RAG advancement will focus on retrieval processes

Retrieval Augmented Generation (RAG) systems are revolutionizing the use of large language models by integrating real-time, accurate external data into their responses. This method significantly reduces the incidence of inaccurate generations (hallucinations) and is crucial in contexts requiring high reliability.

We believe that RAG remains the most trustworthy method for providing up-to-date and rich context to LLMs. As RAG solutions have been developed and widely used in production AI applications, we think the next advancements in this architecture to focus on scaling and optimizing user experience. The emphasis will likely be on refining retrieval processes to manage the growing expanse of online information, including multimodal data integration, enhancing RAG’s applicability across various domains.

Taxonomy tree of RAG’s core techniques

Demand for structured data with LLM models

The use of Large Language Models (LLMs) for generating structured outputs like JSON or SQL from natural language is becoming increasingly practical.
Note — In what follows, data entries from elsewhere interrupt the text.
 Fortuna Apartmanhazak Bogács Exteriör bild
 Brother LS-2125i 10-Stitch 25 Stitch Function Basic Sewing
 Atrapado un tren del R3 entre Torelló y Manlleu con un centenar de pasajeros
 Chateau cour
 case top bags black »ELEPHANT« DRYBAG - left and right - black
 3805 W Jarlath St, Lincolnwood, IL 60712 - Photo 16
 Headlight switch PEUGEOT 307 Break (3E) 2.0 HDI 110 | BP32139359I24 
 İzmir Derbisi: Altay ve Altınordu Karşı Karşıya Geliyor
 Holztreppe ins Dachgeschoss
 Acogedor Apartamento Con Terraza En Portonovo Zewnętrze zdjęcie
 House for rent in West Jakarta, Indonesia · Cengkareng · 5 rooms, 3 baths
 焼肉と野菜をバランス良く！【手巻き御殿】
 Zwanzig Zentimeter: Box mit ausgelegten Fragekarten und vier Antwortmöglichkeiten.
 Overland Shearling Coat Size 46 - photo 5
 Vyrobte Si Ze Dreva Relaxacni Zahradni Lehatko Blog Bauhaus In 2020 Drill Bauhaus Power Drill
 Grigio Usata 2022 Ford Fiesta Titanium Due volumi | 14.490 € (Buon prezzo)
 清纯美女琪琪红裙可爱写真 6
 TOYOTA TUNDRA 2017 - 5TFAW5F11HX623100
These models are crucial for automating complex workflows and data pipelines, significantly enhancing productivity and reducing operational costs.

The well-defined method currently leading in reliably generating structured data is the architecture of Function Calling, pioneered by OpenAI. This approach is gradually being adopted by other AI models from Cohere, Mistral, and Google. For models not supporting this architecture, achieving reliable structured outputs is challenging due to the inherent variability in LLM responses. Therefore, we think there will be more advancements in outputting structured data, making it more accessible and reliable for various applications.

The shift to edge computing in modern web architectures

Edge computing is enhancing performance by reducing latency between users and the data or compute resources they are accessing. Starting from the original static file caching in CDNs, it’s now possible to run real-time operations in Edge Functions. Platforms like Cloudflare, Fly.io, and Vercel are at the forefront of simplifying edge computing for developers.

Rather than merely reacting to latency issues, solutions are increasingly being designed for the edge. For instance, authentication flows are often the first point to measure time-to-interactive metrics. Placing authentication services at the edge could be a primary step to consider.

Furthermore, building Serverless applications typically reduces infrastructure maintenance costs by eliminating the need to set up and maintain servers. With mature infrastructure services, this shift not only improves user experience but also offers cost efficiency and increased reliability.

Migration to Bun

Bun 1.1 marks a significant upgrade in the JavaScript ecosystem, providing enhanced stability and compatibility with Node.js, especially on Windows platforms. Its performance benchmarks, such as package installation speeds surpassing those of Yarn and NPM, are compelling for developers seeking efficient development tools.

We anticipate more developers adopting Bun, initially as an alternative package management tool. Our tests in several projects show impressive speed improvements. However, one downside is that Bun’s CLI is not as feature-rich as other tools like Yarn or PNPM, lacking functionalities such as interactive upgrade mode. Despite this, Bun is worth exploring for its potential benefits.

Time spent installing dependencies in a vite react app using --ignore-scripts on Windows.

The trend of copy-paste UI development

When the copy-paste approach first emerged, led by Shadcn, we didn’t think it could become a mainstream UI development method. This approach eliminates the need for downloadable component libraries. Developers can now directly integrate required UI components into their projects, offering unprecedented flexibility and customization.

We still think popular UI libraries like MUI and AntD have strong positions as they provide a wide range of ready-to-use components that cover most cases when building web applications. However, the cost of providing too many options makes these libraries heavy to use both in learning and especially in app performance. We’ve experienced that projects bootstrap with MUI have significantly longer build times compared to other lightweight solutions such as UI components built with Shadcn.